The paper demonstrated that Hyperliquid overutilized ADL by approximately 8x relative to an optimal policy. This inefficiency alone imposed roughly $630 million of unnecessary losses on winning traders who should have been safe.
More damningly, the research suggested that Binance, which uses a less transparent, legacy ADL engine, overutilized the mechanism far more than Hyperliquid. This academic analysis supports the theory that billions of dollars in trader equity were wiped out not by market movements, but by inefficient exchange safety protocols engaging in a panic mode response.
The Timeline

How did different blockchains handle the spike in volume?

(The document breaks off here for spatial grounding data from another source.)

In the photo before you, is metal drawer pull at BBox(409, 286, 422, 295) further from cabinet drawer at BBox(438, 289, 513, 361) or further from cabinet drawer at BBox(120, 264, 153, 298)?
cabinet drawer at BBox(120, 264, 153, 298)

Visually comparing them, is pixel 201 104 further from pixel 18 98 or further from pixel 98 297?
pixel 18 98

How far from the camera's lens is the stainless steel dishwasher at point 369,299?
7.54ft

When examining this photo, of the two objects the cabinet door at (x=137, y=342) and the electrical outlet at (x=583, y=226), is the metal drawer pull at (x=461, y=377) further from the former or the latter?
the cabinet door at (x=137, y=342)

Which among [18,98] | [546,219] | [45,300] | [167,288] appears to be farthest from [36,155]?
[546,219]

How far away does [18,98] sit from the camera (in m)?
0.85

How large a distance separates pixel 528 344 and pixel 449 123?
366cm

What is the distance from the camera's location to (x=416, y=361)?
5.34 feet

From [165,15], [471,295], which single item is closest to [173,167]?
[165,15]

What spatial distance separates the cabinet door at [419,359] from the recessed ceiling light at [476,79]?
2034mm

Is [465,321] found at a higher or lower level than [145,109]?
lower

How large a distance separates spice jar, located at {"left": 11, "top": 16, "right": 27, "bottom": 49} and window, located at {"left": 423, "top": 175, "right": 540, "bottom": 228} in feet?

Despite massive volatility, the Solana network held up remarkably well. Fireblocks reported that Solana validators processed 100,000 TPS of inbound traffic (6X their average peak) and maintained 400ms block times with zero downtime.
Ethereum, on the other hand, struggled under the extreme load. On-chain gas fees surged to approximately 450 Gwei, dozens of times higher than normal. This meant that a single swap or transfer could cost between $400 and $500 at the peak of congestion.
While the protocol itself did not fail, the resulting mempool congestion priced out many participants. This network latency exacerbated losses in decentralized finance (DeFi). Users on lending platforms like MakerDAO found themselves unable to pay down debt or add collateral in time, leading to onchain liquidations that might have been avoidable if the network had been accessible and affordable.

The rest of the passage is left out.